During the early scenes here, there are song montage numbers with Vishal Kariyal romancing Meera Chopra around the gorgeously shot Edwardian exteriors and parks of London (the film seems to have been termed 1920 London solely for the considerable beauty that period English aristocratic houses and estates afford the filmmakers). There is an eyebrow-raising later sequence where Sharman Joshi romances Meera Chopra in a number that involves him swinging a goat about on his shoulders!
This film also features the romance as an integral plot element. Although this is also a romantic element that would never translate to a Western horror film – much of the story centres around Meera Chopra being forced to betray her true love and marry another because Sharman Joshi is considered beneath her caste position. There is even incredulity expressed in court about why she would even be speaking to him.
The film looks great, the English locations and interiors look beautifully lush. However, what lets everything down is newcomer director Tinu Suresh Desai’s handling of the horror elements. Certainly, 1920 London adopts the possession theme in ways that are distinctive to Bollywood – the exorcism ceremony notedly makes use of water from the Ganges as opposed to holy water. Yet for all that, the film still draws from the kit and caboodle of cliches created by The Exorcist (1973) – the possessed with physically contorted body and hideously cracked features, levitations, the bed moving. We even get a copy of the spiderwalk sequence. Many of the effects with the bed moving and the possessed girl popping down from the ceiling look campy, with the film’s attempt to replicate the spiderwalk sequence being especially laughable.
The one thing that did make me sit up and think 1920 London might be worth watching is the mid-film twist. [PLOT SPOILERS HENCEFORTH]. The film spends its first hour dealing with Vishal Kariyal’s possession and Meera Chopra having to go and ask Sharman Joshi’s help despite the bitter betrayal in their past.
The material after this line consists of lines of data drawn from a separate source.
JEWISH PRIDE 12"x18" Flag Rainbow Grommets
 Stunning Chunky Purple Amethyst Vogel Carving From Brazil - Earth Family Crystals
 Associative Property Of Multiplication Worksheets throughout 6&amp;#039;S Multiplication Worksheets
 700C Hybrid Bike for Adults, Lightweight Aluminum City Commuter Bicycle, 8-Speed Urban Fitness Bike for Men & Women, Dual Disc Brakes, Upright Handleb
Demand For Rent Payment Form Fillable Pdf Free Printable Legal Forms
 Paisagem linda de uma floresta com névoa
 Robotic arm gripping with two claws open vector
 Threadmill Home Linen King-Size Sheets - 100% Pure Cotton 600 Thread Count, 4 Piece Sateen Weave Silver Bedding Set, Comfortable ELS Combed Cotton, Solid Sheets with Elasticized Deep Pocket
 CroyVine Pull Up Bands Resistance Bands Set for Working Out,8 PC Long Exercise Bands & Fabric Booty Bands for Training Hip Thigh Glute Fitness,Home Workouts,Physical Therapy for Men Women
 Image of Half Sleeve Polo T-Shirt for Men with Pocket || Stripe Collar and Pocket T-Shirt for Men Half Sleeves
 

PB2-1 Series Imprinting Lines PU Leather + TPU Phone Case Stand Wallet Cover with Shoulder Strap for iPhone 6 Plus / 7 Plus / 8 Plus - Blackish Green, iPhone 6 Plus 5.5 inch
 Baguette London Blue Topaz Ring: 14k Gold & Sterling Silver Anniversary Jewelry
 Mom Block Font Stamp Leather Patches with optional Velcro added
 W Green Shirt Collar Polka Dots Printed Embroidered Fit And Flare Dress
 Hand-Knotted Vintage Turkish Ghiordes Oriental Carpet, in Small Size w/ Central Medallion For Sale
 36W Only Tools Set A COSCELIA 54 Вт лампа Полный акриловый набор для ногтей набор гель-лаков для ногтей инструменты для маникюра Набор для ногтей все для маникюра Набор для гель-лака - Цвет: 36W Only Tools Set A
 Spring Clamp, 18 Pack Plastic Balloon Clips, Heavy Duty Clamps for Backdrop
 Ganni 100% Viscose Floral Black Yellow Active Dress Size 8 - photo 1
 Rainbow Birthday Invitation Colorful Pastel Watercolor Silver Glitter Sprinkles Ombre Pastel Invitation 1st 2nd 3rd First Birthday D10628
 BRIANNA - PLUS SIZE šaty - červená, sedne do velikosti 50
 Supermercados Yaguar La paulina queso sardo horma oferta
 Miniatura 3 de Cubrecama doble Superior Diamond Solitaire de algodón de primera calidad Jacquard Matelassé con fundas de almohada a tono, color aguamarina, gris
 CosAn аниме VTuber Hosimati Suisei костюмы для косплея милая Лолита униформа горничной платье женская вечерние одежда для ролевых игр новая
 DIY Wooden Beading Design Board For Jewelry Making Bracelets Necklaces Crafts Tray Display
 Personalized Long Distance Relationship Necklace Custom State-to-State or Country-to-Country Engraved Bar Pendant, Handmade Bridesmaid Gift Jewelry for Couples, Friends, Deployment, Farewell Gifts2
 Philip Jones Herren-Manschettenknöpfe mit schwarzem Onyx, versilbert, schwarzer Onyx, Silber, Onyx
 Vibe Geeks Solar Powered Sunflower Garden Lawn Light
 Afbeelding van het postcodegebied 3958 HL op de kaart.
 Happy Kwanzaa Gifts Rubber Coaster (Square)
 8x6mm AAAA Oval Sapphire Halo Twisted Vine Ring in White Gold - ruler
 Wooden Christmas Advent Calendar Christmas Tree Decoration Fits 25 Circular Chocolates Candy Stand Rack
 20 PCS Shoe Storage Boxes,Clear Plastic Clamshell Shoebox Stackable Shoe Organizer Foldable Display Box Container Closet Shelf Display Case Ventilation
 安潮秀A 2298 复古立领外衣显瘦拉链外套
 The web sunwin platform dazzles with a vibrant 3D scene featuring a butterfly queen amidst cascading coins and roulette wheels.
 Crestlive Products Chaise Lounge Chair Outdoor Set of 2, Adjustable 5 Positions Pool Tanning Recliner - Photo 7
This works well enough but then comes the abrupt twist in mid-film where we suddenly discover that the one behind the possession is actually Sharman Joshi and that he has launched all of this in an elaborate revenge scheme.
I could even see this working as a Hollywood horror film up until about the last quarter. There is a great scene at the train station where Meera Chopra confronts Sharman Joshi and he admits he did it in revenge for her betrayal. A good film would have ended there, having delivered a stinging twist that turns everything that has happened on its head. However, the film seems to have an obligatory mandate to write a happy upbeat ending. The scene ends with a flashback explaining that she was forced to betray him to save his life, the two immediately forgiving one another (despite the vast crimes that either have committed) and going off to save the husband.
This does plunge the film into the interesting quandary of a love triangle – where Meera Chopra has just reconciled with her true love and they are setting out together to save the man she subsequently married. The film ends with Meera reunited with husband Vishal Kariyal and Sharman Joshi left trapped in the world on the other side of the mirror after it was broken during the course of the exorcism. This is an ending that goes with the traditional ie. Meera reunited with the man she is married to even though he has not been much of a figure in the film prior to becoming possessed and the man she is emotionally attached to being written out of the picture in what you cannot help but feel is a tragic ending.